The Art of Jewish Cooking
New York: Random House, 1958. Lorraine FOX. Boards. FOX, illustrator. First edition. 8vo; xiii, 229pp; white boards, cooking utensils and food stamped in orange and green on front, lettering in green on spine; illustrated endpapers; 2-page title page illustrated with black line drawings of post with food; line drawn illustrations at each chapter; scuffed bottom edge, upper corners bumped, lightly age toned paper, small fore-edge nick on half-title; unclipped color pictorial dust jacket, a portrait of the author on the rear panel, chipping to edges including a large chip on front, soiling to folds; very good in very good minus dj.

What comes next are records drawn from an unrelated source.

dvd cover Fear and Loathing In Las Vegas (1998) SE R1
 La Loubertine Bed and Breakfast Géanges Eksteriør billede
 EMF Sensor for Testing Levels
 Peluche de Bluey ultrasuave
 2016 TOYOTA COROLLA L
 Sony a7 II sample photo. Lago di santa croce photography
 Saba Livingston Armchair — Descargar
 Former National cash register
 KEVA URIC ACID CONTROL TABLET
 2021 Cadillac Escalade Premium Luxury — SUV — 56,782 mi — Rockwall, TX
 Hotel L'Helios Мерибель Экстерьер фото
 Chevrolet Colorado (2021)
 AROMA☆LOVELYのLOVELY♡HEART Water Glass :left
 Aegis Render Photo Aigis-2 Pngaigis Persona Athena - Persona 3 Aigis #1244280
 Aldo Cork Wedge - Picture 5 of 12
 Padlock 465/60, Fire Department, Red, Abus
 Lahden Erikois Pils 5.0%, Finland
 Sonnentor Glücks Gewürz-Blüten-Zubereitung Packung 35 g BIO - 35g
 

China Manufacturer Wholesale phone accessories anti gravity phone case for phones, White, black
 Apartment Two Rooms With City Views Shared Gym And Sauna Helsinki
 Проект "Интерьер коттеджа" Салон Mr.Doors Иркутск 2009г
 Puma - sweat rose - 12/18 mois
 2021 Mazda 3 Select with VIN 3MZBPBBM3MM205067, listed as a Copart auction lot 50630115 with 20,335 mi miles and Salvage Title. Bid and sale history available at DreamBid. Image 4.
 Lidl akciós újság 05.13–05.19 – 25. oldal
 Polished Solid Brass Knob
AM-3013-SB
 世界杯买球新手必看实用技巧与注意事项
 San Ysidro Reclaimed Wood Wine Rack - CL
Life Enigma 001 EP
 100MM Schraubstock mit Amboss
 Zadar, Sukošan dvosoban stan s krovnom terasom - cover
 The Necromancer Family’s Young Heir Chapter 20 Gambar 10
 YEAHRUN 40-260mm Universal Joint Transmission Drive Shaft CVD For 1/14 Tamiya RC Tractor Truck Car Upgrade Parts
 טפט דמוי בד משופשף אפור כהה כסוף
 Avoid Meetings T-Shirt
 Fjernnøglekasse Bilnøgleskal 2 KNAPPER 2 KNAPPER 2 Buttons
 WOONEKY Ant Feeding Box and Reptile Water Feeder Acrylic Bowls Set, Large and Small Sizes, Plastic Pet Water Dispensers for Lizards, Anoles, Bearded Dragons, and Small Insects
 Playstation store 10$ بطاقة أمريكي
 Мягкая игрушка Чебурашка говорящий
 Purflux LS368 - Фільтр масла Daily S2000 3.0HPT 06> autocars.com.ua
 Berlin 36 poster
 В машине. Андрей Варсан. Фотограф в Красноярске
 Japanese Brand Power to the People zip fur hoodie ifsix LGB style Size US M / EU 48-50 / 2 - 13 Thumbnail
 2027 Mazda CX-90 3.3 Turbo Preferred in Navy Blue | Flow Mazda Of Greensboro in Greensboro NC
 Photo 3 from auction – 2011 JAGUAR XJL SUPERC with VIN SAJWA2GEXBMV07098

A comprehensive cookbook starting with Appetizers and Party Snacks, and working through chapters on Cholent, Dairy Dishes, Noodles and Kreplach, Kugels and Charlottes, Tzimmes, Knishes and Piroshki and Blintzes to Strudels and suggested menus for Principal Holidays. Very good / very good. Item #1863
The author’s son, Paul Grossinger writes in the Introduction of the book that “Food has always been important to the Jewish family, not for itself alone—although it is certainly appreciated—but as a gift from the Lord, which therefore gives it special significance at the most important occasions in life.” “A Jewish cookbook can be almost considered a history book—a history of 5700 years of happiness and sorrow.”.